As we go through the daily lessons you'll note some issues I had with some letters and how I solved them.
Welcome to another week of lessons in the Lettering Lodge! We are going be learning a semi-script that I call ‘Promise’.
I say semi-script because there are scrolls on both the upper- and lower-case letters (like a script) but there is no connection between individual letters (like a print). These letters are very upright, leaning neither to the left or right.
The height of the lower-case letters is slightly LESS than half of the uppers.
Work on getting those swoops right, you’re going to be using them a lot!
You’ll note that words written in all caps are not very readable. The word you’ll write out is just for practice.
So, have a go at this – remembering to draw in pencil until you have good forms, then ink, then erase your pencil.
Since there are several loops, swoops and scrolls that are common between letters, practice some of these along the upper edge of your page.
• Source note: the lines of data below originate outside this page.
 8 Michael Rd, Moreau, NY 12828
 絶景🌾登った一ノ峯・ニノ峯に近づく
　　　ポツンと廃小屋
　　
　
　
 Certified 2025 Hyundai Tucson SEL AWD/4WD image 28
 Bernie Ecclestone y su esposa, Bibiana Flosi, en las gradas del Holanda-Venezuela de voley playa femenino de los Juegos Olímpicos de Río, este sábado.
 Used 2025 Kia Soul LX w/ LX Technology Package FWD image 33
It will make it easier to write consistent letters if you get these forms into muscle memory first.
As you look over the alphabet page below, please note the two alternate forms for the letters ‘I’ and ‘T’. I actually did all the homework lessons this week with the original forms and found I did not like them. The original ‘T’ looks like a ‘C’ and the original ‘I’ looks like a ‘T’. So, I gave the ‘I’ to the ‘T’ and made a new form for ‘I’. IT IS PERFECTLY ACCEPTABLE TO DO THIS YOURSELF IF THERE IS A LETTER THAT YOU DON’T LIKE! Just create a new letter form that uses elements common to the style. In fact, I noted yesterday that a couple of people have already switched out the upper-case S for a form they liked better.
So, as you write out your alphabet, substitute in the letter forms as YOU like them and this will become your personal reference sheet as you complete more assignments this week (and in the future).
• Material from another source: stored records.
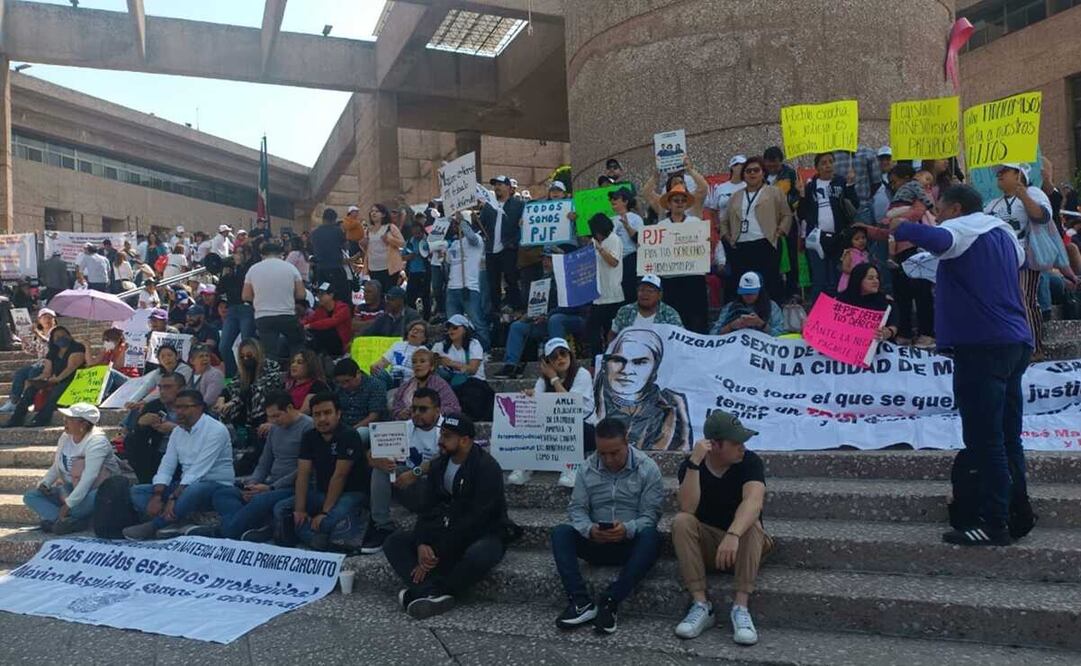 Un grupo se mantiene desde temprano lanzando consignas contra la desaparición de los 13 fideicomisos. Foto: Manuel Espino / El Universal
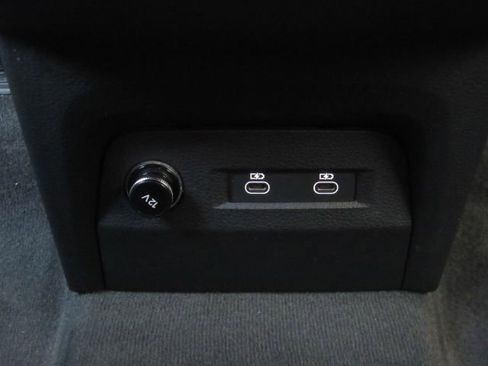 Used 2023 Audi e-tron S Premium Plus w/ Black Optic Package image 31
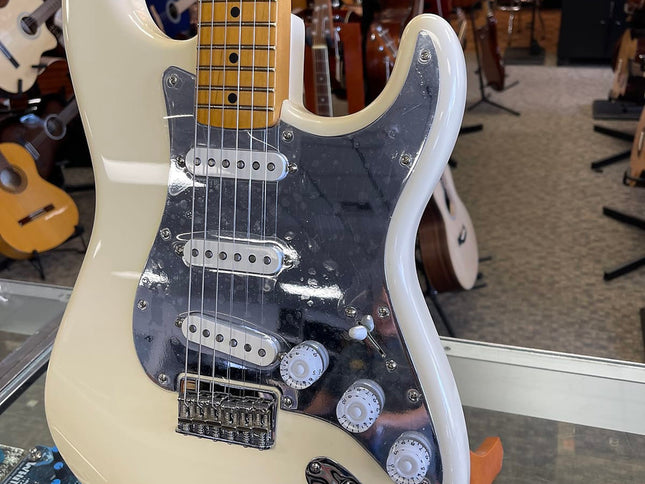 Nile Rodgers Strat Electric Guitar Olympic White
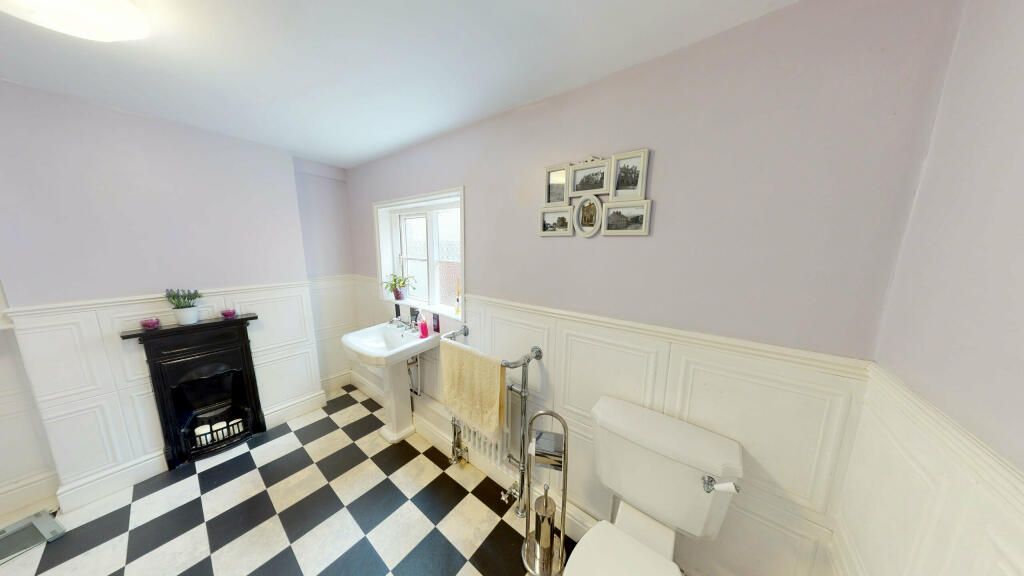 Additional property image - Ivy House, Wheelock Street, Middlewich, Cheshire, CW10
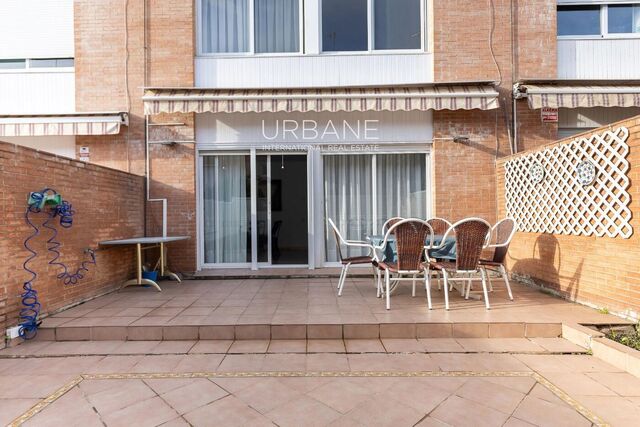 Encantadora Casa De 4 habitacionesy 3 Terrazas En Venta En Can Deu, Sabadell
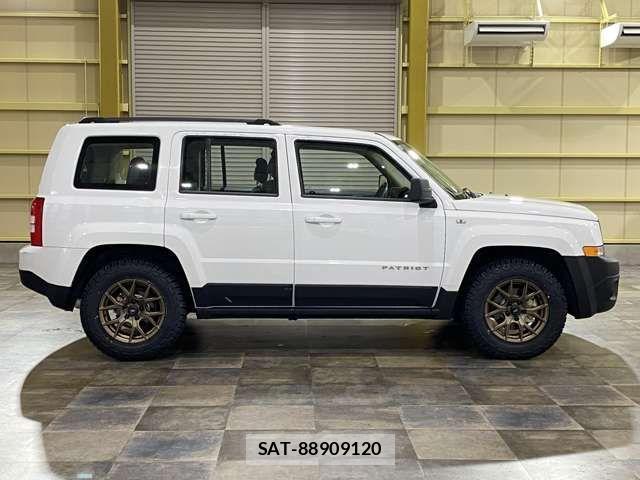 Jeep PATRIOT 2011-12 1345938-14
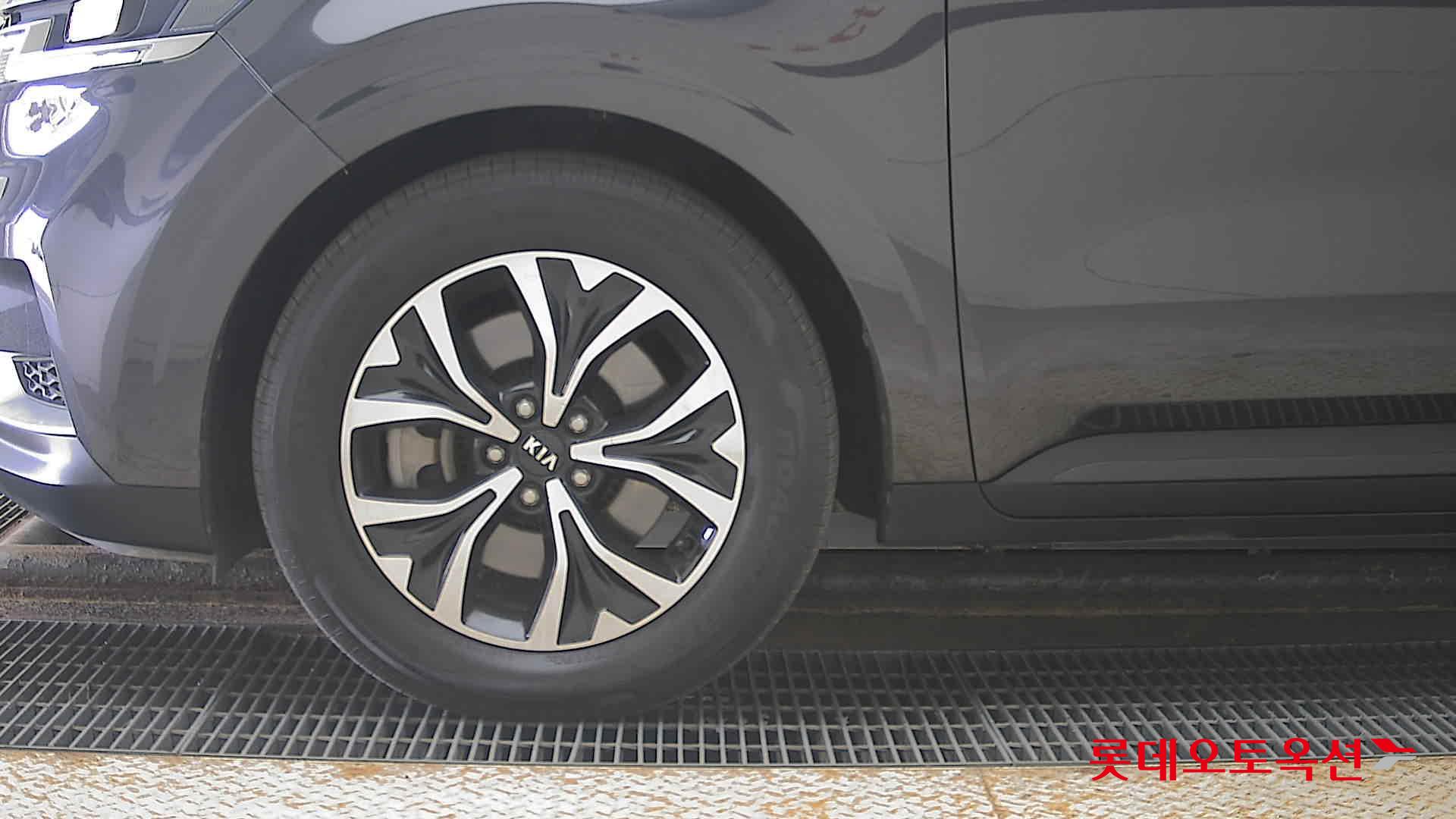 Kia Carnival id 3822911 из Кореи 21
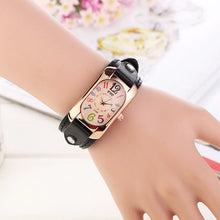 Charger l&#39;image dans la galerie, Montre pour Femme Vintage en Cuir et Pierre à Quartz
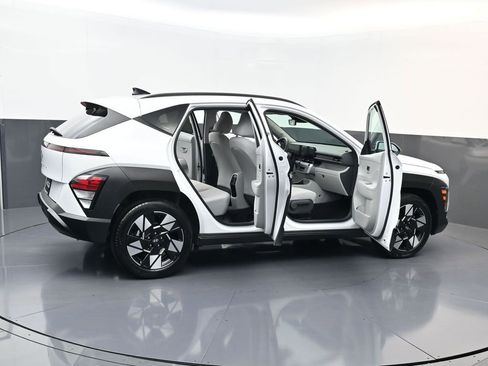 Certified 2025 Hyundai Kona SEL FWD image 28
Find a song or quote about God’s promises and write it up as a reminder of His faithfulness. I used a quote from Rev. Billy Graham.
NOTE ON USE OF CAPITALS: I find that I like to capitalize every word (even the articles) when working on a full page like this. It looks nice and gives lots of practice on the large letter forms.
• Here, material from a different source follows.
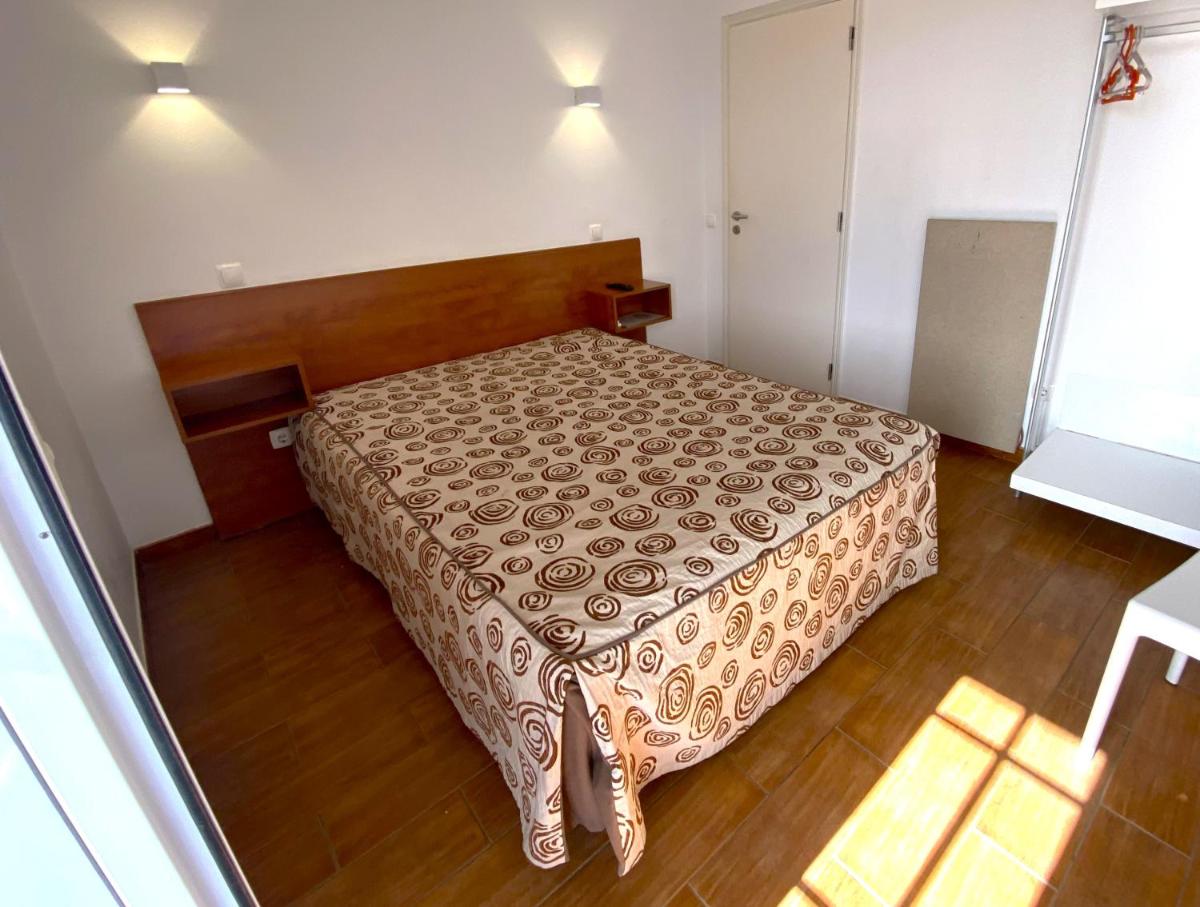 Double Room with Balcony  and Front Sea View - Photo 6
Unfortunately, all of those upper-case ‘T’s look too much like ‘C’s or ‘G’s so it is easy to read: “Go, Che and Chat”. This is why I gave those alternate forms yesterday!
Remember P-I-E (pencil, ink, erase) and decorate the page if you wish. I used the rainbow as a reminder of God’s promise.
Today, use the ‘promise’ font to write out a ‘promise’ scripture in your journal, practice notebook or on plain paper.
NOTE ON CENTERING: If you want to center the words on your page, write and ink them on a practice sheet first. Then I usually pencil in a center mark on EACH LINE separately and pencil in a center line on the final page, top to bottom. This gives me a target. Then place the ‘final’ page over top of the practice piece and use a light box or a window to trace the words. You can slide the original sideways in whichever direction you need to center the lines on the page.
Another way to center them is to fold the practice paper right above the line of text and align its center line with the one on the final page. Then copy the letters on the final page just above the corresponding letter on the practice page. Repeat these steps as you move down the page.
If you want to decorate your page, do all the inking of the letters first using a heavier weight line and erase their pencil guides. Sketch your artwork in pencil and ink it in very thin line pen. Erase those pencil lines before coloring. I used a dove representing the Spirit of God. This is a fancier version of the Drawing Room dove, with swoops and swirls added to the wings and tail.
Now we will bring the ‘promise’ font to our Bibles.
This is the point at which I swapped out the alternate ‘T’ and ‘I’ letterforms. Isn’t that so much more readable?
Don’t forget that all our work is done with the P-I-E (pencil, ink, erase) process.
So that wraps up another week of lettering lessons - I'm on the schedule to teach lettering in the coming week, too, so there'll be another wrap-up next weekend.